This discussion has been locked. The information referenced herein may be inaccurate due to age, software updates, or external references.
You can no longer post new replies to this discussion. If you have a similar question you can start a new discussion in this forum.

Alert Suppression

Hello all,


I am still confused by Alert Suppression. Let me start with a simple scenario. I have the following hypothetical setup:


Orion > RouterA>RouterB>SwitchA>25 Servers connected to the switch


 


I want to monitor the devices RouterA, RouterB, SwitchA, and each of the servers connected to the switch. So that means I will add each of these 28 devices to Orion System Manager. Lets say I have just installed Orion and have not modified the canned alerts but I do have "Page me when a node goes down" and "Page me when an interface goes down" activated and working correctly. So at this point if a server goes down I get a page for the server (node) going down and the switch interface that the server was attached to goes down so I am paged again. So I know both alters are working correctly.

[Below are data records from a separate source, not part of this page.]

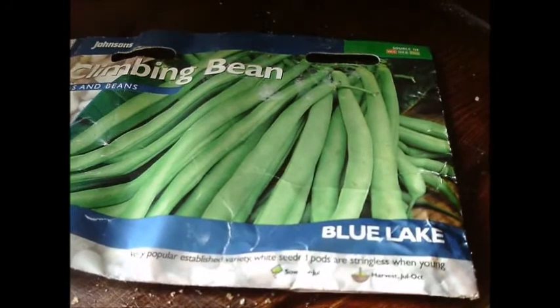The date on my runner beans — the sell-by date was 2011. I just posted about it to a horticultural group to see if it's a bad batch.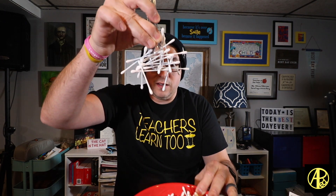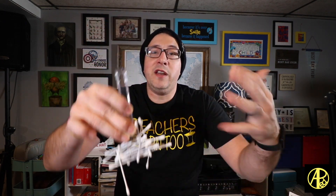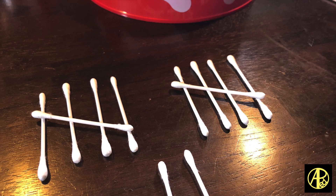We made tally marks using skeleton bones. All the kids did was reach into the bowl and pull out some Q-tips or bones. Whatever number of bones the students pull out, they had to try to build tally marks using only those Q-tips. Then they had to write down or record how many tally marks they made, what that number was, and so on. The kids loved it.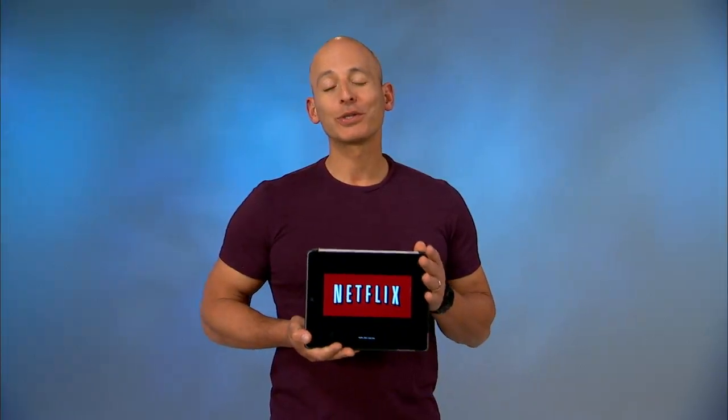Hi, I'm Harley Pasternak and I'm going to show you three great variations of a lunge that you can do while you watch your favorite television shows on your own personal streaming device.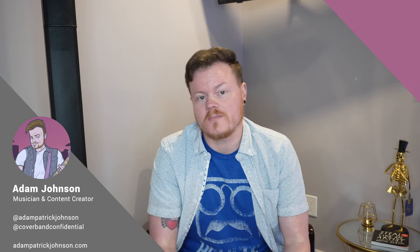What's up, guys? My name is Adam. I'm a musician and a content creator. My goal is to help you make good money playing music. If that sounds like something you'd be into, please give this a like and follow the channel for more content like this.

Now lets say Router A fails. How do I set up suppression so I don't get a page for RouterB going down, SwitchA going down, and all 25 servers going down. Do I have to create seperate alerts for all 27 devices and suppressions for all 27 devices?


To make it even more simple lets say SwitchA fails. How do I set up suppression so that I don't get an alert from all the 25 server nodes that I am monitoring. Do I have to set up an alert for each of the 25 server nodes and add a suppression that if switch 25 goes down don't page? I hope not! That would be very painful.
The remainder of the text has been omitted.